Did you watch Big Chef Little Chef last night? If you didn't let me summarise what the program was about.
Heston Blumenthal, dubbed the 'molecular chef' because of his research work in the field of food science, was brought into create a new menu for the Little Chef restaurants in a bid to return the ailing food chain to its former glory.
Ian Pegler, the Little Chef CEO wanted Heston Blumental to bring in the punters by freshening the menu. It makes good television but what appeared to be created was two strong and dogmatic ego's who clearly didn't understand the problem that they were dealing with and they clashed often.
First of all, let's take a look at who is heading up the Little Chef business. Ian Pegler started his career at Marks and Spencers quitting after twelve years to buy a pub and restaurant in Devon with his wife.
The restaurant got in the good food guide but disaster struck Pegler when he and his wife bought the hairdressers next door with the view that letting the attached cottage would pay the mortgage.
Pegler explains that is was the worst decision of his business career because it was 1979, Britain went into recession, and the business failed.
"It was a bad decision for my business and my family too. I hadn't done my research properly. I went there using my heart, not my head: the business I'd bought was at its maximum and there was little I could do to improve it."
Ian Pegler was also made redundant from Little Chef in 1994, ironically just after the UK had come out of the last recession.
Heston Blumenthal is a contrasting character and represents a more youthful approach to business.
He is a self taught chef having spent ten years reading, travelling and researching food with many inspirational visits to France after being taken there by his parents as a fifteen year old.
Fourteen years after his first taste of French gastronomy, Blumenthal opened the Fat Duck restaurant in Bray, Berkshire.
Less than ten years later, Blumenthal received the accolade of the 'Best Restaurant in the world' by the top '50 Best' Academy' comprising of six hundred food critics, journalists and chefs from around the world.
The relationship in the show was strained from the start and, although I love watching and listening to Blumenthal in his previous TV show In Search of Perfection, I felt he was the wrong man, in the wrong place trying to do the wrong job.
The Little Chef is a previously successful business model and favourite British institution that is just a victim of a shift in market places and contributions from other roadside fare.
There is a maximum number of potential passing mouths to feed and Burger King or McDonalds take a big slice of that market now.
If the clientèle are under thirty years of age and a straw pole for Little Chef versus Burger King was conducted in a car carrying a family of four children and two adults, my guess is that the burger would win more than fifty percent of the time.
There is nothing wrong with the Little Chef food and I personally love it if I am travelling.
Blumenthal just didn't get it when it came to understanding what Little Chef needed and quite clearly, Pegler had not learned from his previous mistake of not doing his research properly.

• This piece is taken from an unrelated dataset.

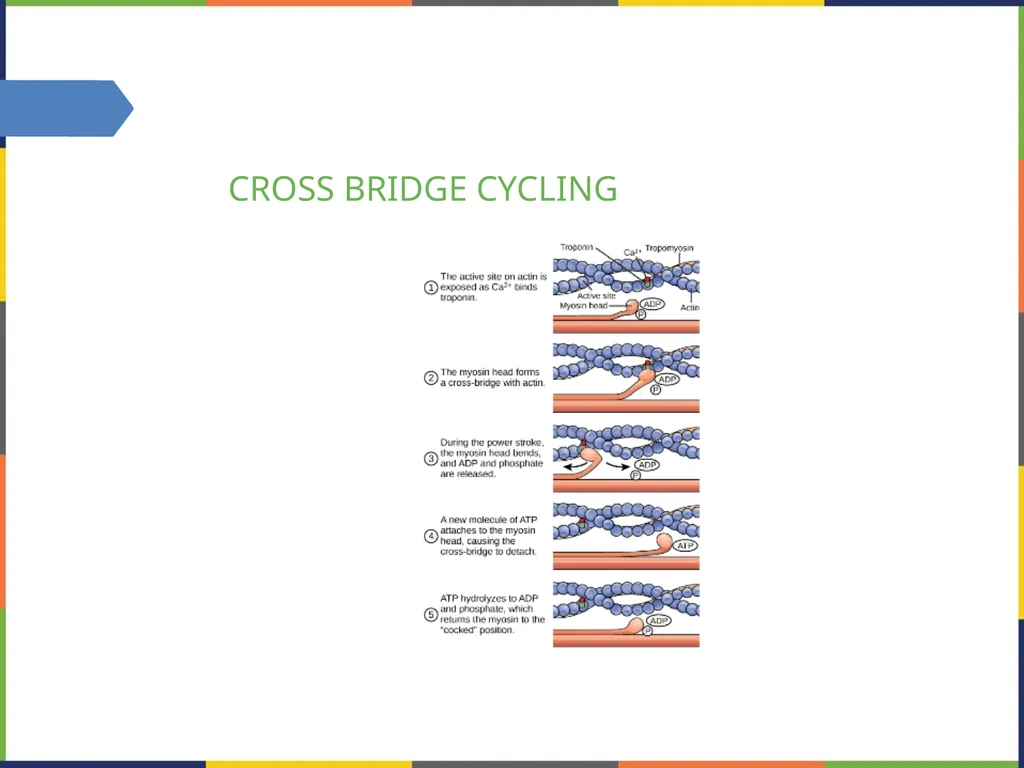 Chapter 38 THE MUSCULOSKELETAL SYSTEM PowerPoint - slide 13 of 15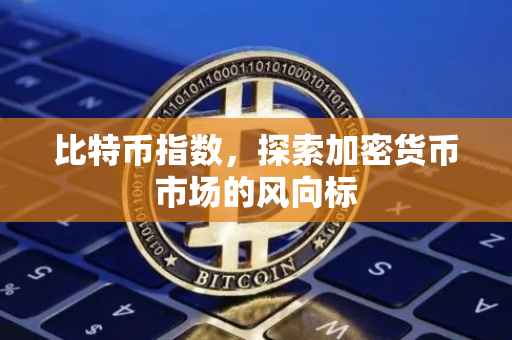 比特币指数，探索加密货币市场的风向标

Fat Duck food will never sell at a Little Chef restaurant.
Garden designers can learn from Big Chef Little Chef
Many garden designers fail to interpret, understand or listen a client brief and through all of the current millennium have imposed too many self indulgent designs and gardens on their client.

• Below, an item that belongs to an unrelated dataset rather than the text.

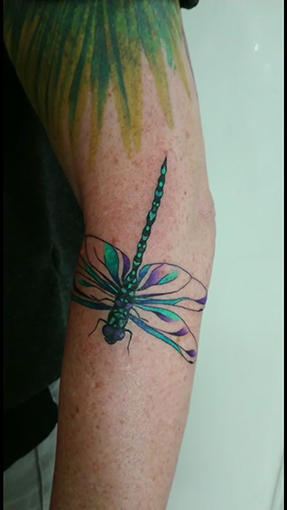 dragonfly nofilter dragonflytattoo watercolortattoo watercolor aquarell aquarelltattoo allstyletattoo allstyletattooberlin sajosuriel sajo sajotattoo tattoo wasserfarbentattoo insect tattoovideo insecttattoo libelle libellentattoo naturesbeauty naturelover colortattoo unterarmtattoo forearmtattoo smalltatts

Too much emphasis is put on the designers brand rather than the quality of their work. The designer consistently fails to 'weld' the garden to the family or persons who the garden is being designed for.
My view is that clients will no longer tolerate being dictated to and should insist on getting what they want and need from their precious space.
If it is a family garden then 'let them play' if it is to be a new garden for a retired artist who seeks peace and solace then indulge their desires.
What is clear to me, and I would urge you to see the second part of Big Chef Little Chef (Channel 4 9pm) is that when a salesman tries to sell an idea or a product against the market will, all you get is a recipe for disaster.